Для тех, кто так далеко не отходил от марксизма и так решительно не рвал с социализмом, это был круг проблем, в которых вращался легальный марксизм. Он лишь в какой-то части являлся эквивалентом западноевропейского ревизионизма: мало признать за русским «легальным марксизмом» одно лишь хронологическое первенство, завоеванное его представителями в том, что касается ревизионизма, и мало признать одну лишь радикальность его ревизии марксизма, которая значительно превзошла ревизию Бернштейна и дошла до принципиального антимарксизма. Разной была историческая обстановка, в которой действовали обе разновидности ревизионизма: в Германии, где существовала самая сильная социал-демократическая партия, проблема состояла в том, чтобы приспособить доктрину Маркса к парламентской борьбе, не исключавшей классовой борьбы, но делавшей неактуальным революционное завоевание власти. И все дискуссии вокруг Бернштейна, не говоря уже о теоретических вопросах, касались трудностей совместимости реформистской практики с революционной доктриной. В России, наоборот, марксизм возник вначале как теория построения социал-демократической партии, а ревизионизм – «легальный марксизм» – развивался одновременно с образованием этой партии и с борьбой против царского самодержавия. Кроме того, в России стояла важная проблема преодоления народничества, которое в свою очередь в прошлом не прошло мимо марксизма, хотя и извлекло из него свои особые уроки.

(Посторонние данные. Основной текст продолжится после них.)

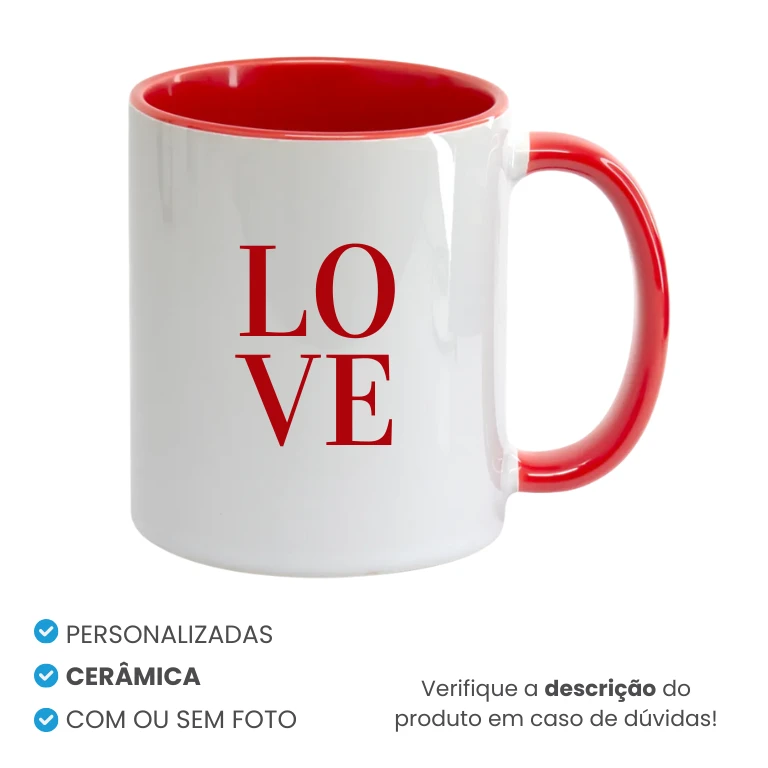 Caneca de Cerâmica Alça e Interior Vermelho Personalizada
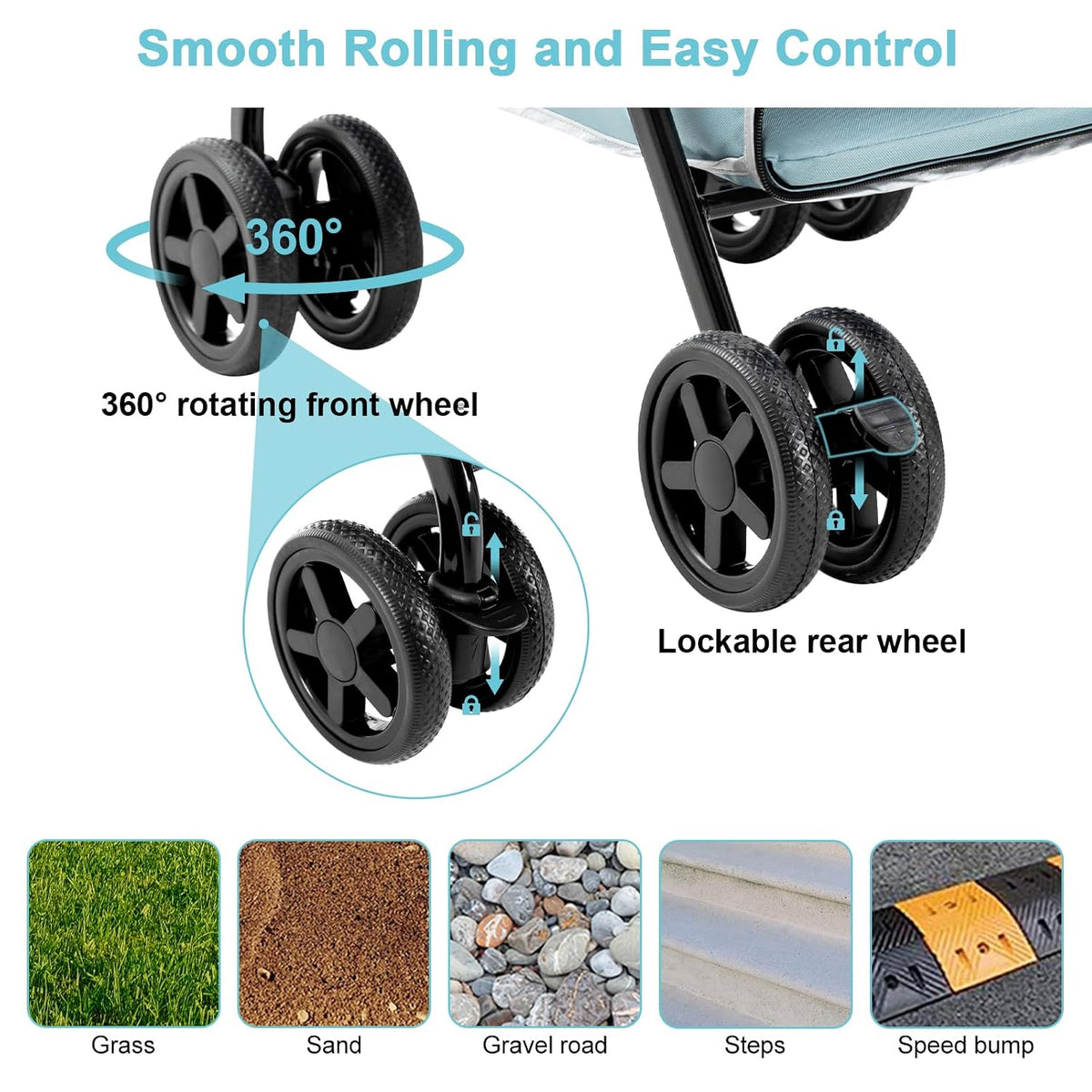 Double Pet Stroller for 2 Dogs & Cats, Double-Decker, Blue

В этих условиях борьба между ревизионистами и революционерами должна была приобрести более непримиримые формы, нежели в Германии, тем более что вскоре ревизионисты отошли от марксизма, а в большинстве и от социализма, в то время как у революционеров произошло решительное разделение (на меньшевиков и большевиков), о котором западная демократия в то время не знала. Это все более увеличивало разрыв и неприязнь между бывшими «легальными марксистами», уже перешедшими в большинстве случаев на позиции либерализма, организованного в умеренную буржуазную политическую партию (демократическо-конституционную) западноевропейского типа, и революционными марксистами, в особенности большевиками, все еще проникнутыми духом народнической конспиративности и в то же время представлявшими собой совершенно новое как теоретическое, так и организационное явление. Целый ряд поставленных «легальными марксистами» теоретических и политических проблем, которые они впоследствии думали разрешить лишь с помощью радикальной критики марксизма, тогда в начале века выпал из поля зрения русского (а также и современного ему западного) марксизма или же был решен неудачно, в то время как со своей стороны неолибералы – бывшие марксисты – оказались неспособными внедрить свои решения в конкретную политическую и социальную действительность России. История «легального марксизма», кроме ценности своих исследований в специфических областях политической экономии и истории экономики, и сегодня представляет огромный интерес не только благодаря лучшим трудам его представителей, но и благодаря практическому – первому и единственному – применению марксизма как орудия либерально-политической европеизации такой экономически быстро развивающейся страны, как Россия. В дальнейшем марксизм станет лишь политическим, уже не либеральным, орудием ускоренного экономического развития, отличающегося от ранее известного в Европе.